YOUR INSTRUCTIONS
A verbatim transcript of the data that follows, free of images, is the expected result.

DATA SHOWN
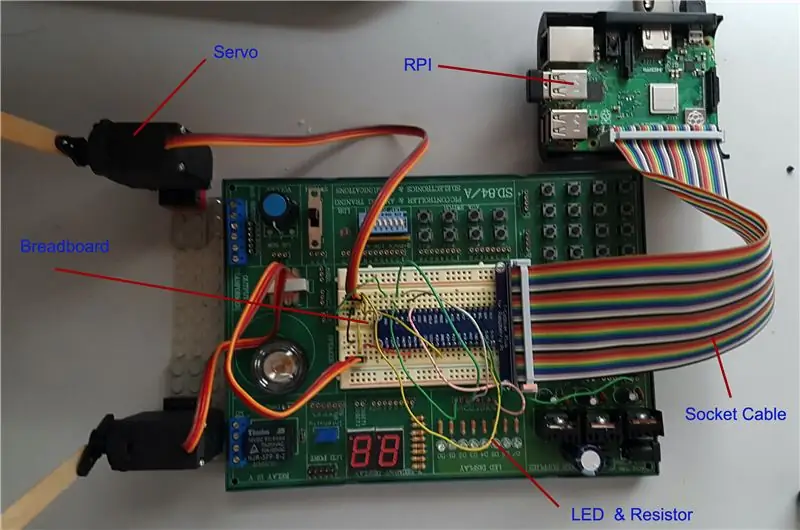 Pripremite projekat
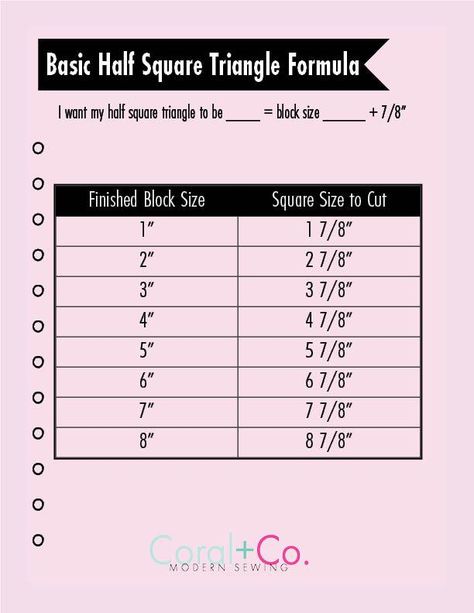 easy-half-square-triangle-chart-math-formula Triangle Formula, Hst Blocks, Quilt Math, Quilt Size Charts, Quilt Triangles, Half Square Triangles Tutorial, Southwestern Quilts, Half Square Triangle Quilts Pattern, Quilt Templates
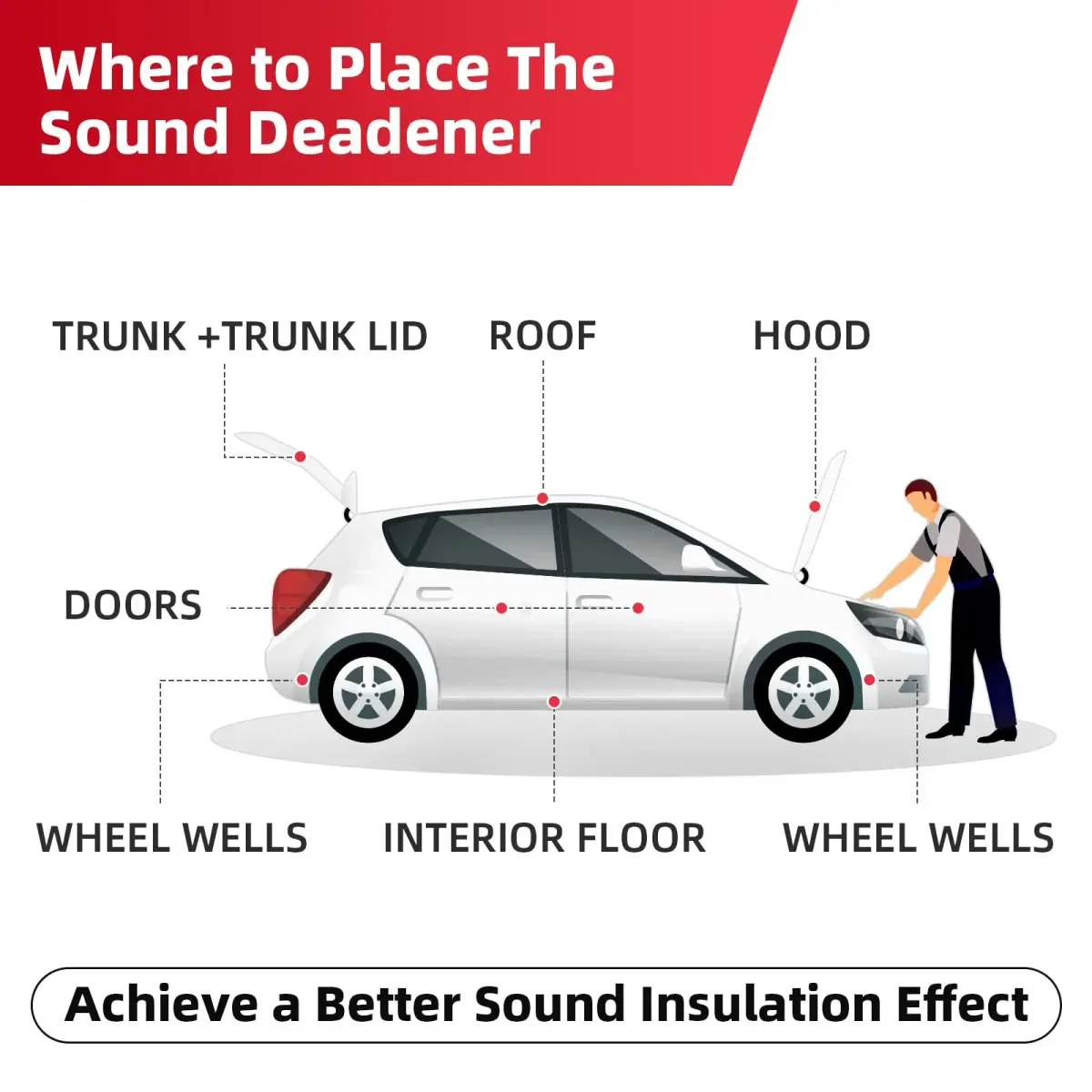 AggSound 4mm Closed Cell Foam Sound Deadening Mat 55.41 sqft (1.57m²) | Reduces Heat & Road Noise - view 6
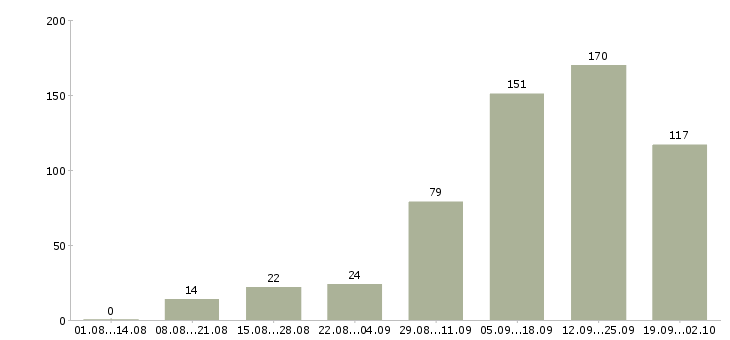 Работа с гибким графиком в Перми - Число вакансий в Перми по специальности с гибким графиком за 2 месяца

SOLUTION
 Pripremite projekat
 easy-half-square-triangle-chart-math-formula Triangle Formula, Hst Blocks, Quilt Math, Quilt Size Charts, Quilt Triangles, Half Square Triangles Tutorial, Southwestern Quilts, Half Square Triangle Quilts Pattern, Quilt Templates
 AggSound 4mm Closed Cell Foam Sound Deadening Mat 55.41 sqft (1.57m²) | Reduces Heat & Road Noise - view 6
 Работа с гибким графиком в Перми - Число вакансий в Перми по специальности с гибким графиком за 2 месяца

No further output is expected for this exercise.